Eligibility and Participation

4.1Eligibility

. Participants will consist of such Employees and Directors as the Committee in
its sole discretion determines and whom the Committee may designate from time to
time to receive Awards. Designation of a Participant in any year shall not
require the Committee to designate such person to receive an Award in any other
year or, once designated, to receive the same type or amount of Award as granted
to the Participant in any other year.

4.2Type of Awards

. Awards under the Plan may be cash-based or stock-based.  Stock-based Awards
may be in the form of any of the following: (i) Options, (ii) Stock Appreciation
Rights, (iii) Restricted Stock Awards, (iv) Restricted Stock Units, (v) Dividend
Equivalent Rights, and (vi) Other Stock-Based Awards. Cash-based Awards may be
in the form of cash awards (including, without limitation, retainers and
meeting-based fees) that the Committee determines to be consistent with the
purposes of the Plan and the interests of the Company. Awards granted under the
Plan shall be evidenced by Award Agreements (which need not be identical) that
provide additional terms and conditions associated with such Awards, as
determined by the Committee in its sole discretion; provided, however, that in
the event of any conflict between the provisions of the Plan and any such Award
Agreement, the provisions of the Plan shall prevail.

Article 5.

Shares Subject to the Plan and Maximum Awards

5.1General

. Subject to adjustment as provided in Article 14 hereof, the maximum number of
Shares available for grant to Participants pursuant to Awards under the Plan
shall be equal to 8,000,000. The number of Shares available for granting
Incentive Stock Options under the Plan shall not exceed 2,000,000, subject to
Article 14 hereof and the provisions of Sections 422 or 424 of the Code and any
successor provisions.
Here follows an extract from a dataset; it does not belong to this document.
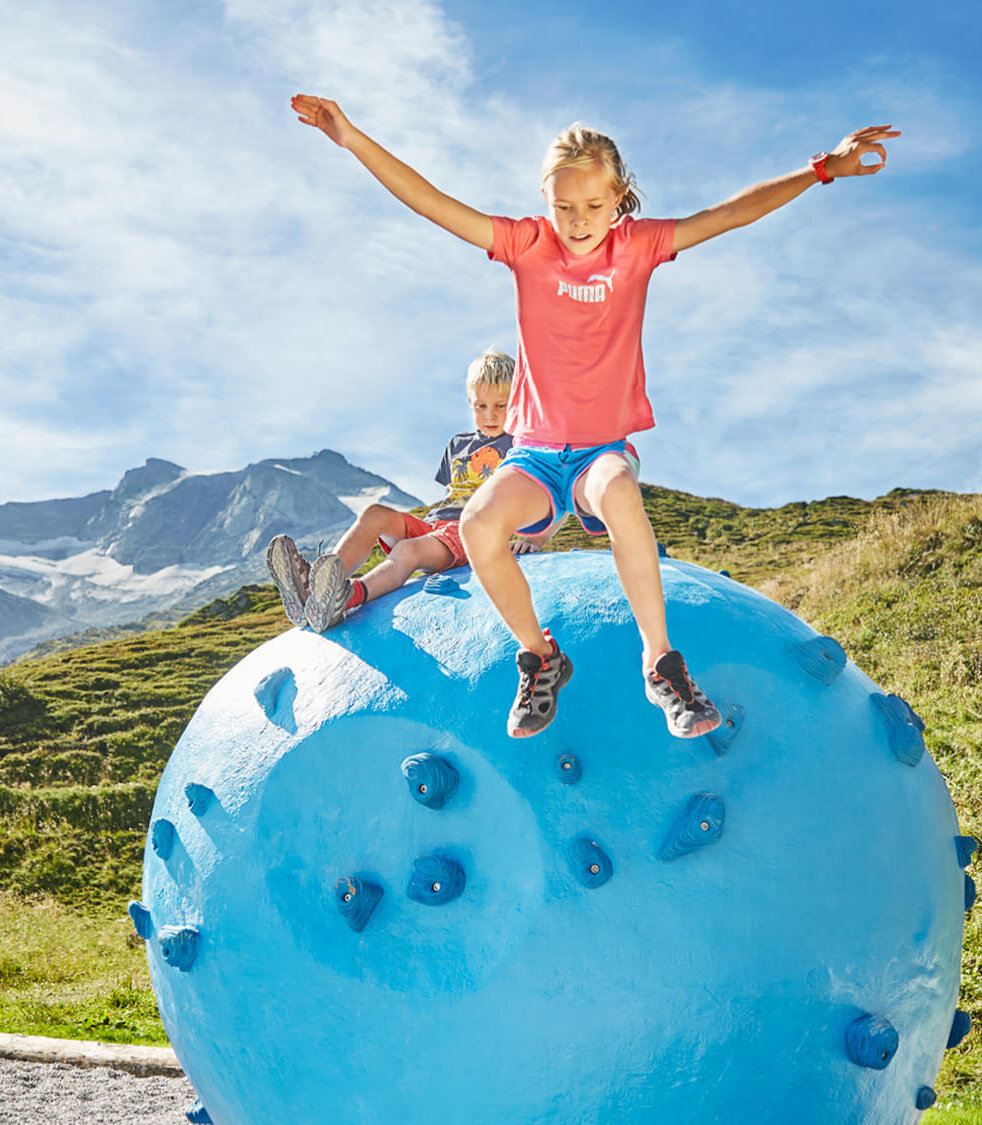 Ein Mädchen springt fröhlich von einem großen blauen Kletterball, während ein Junge im Hintergrund sitzt und zuschaut.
The Shares available for issuance under the Plan may
consist, in whole or in part, of authorized and unissued Shares or treasury
Shares.  Shares issued in connection with awards that are assumed, converted or
substituted as a result of the Company’s acquisition of another company
(including by way of merger, combination or similar transaction) (“Acquisition
Awards”) will not count against the number of Shares that may be granted under
the Plan.

5.2Share Counting.  The number of shares of Common Stock granted under the Plan
per year will be determined as follows:  (i) each Restricted Stock Award,
Restricted Stock Unit and similar Award will count as one share of Common Stock
and (ii) each Option, Stock Appreciation Right and similar Award will count as a
fraction of a share of Common Stock, based on the financial value of each such
Award relative to a share of Common Stock, as determined by the Committee
promptly after the Effective Date.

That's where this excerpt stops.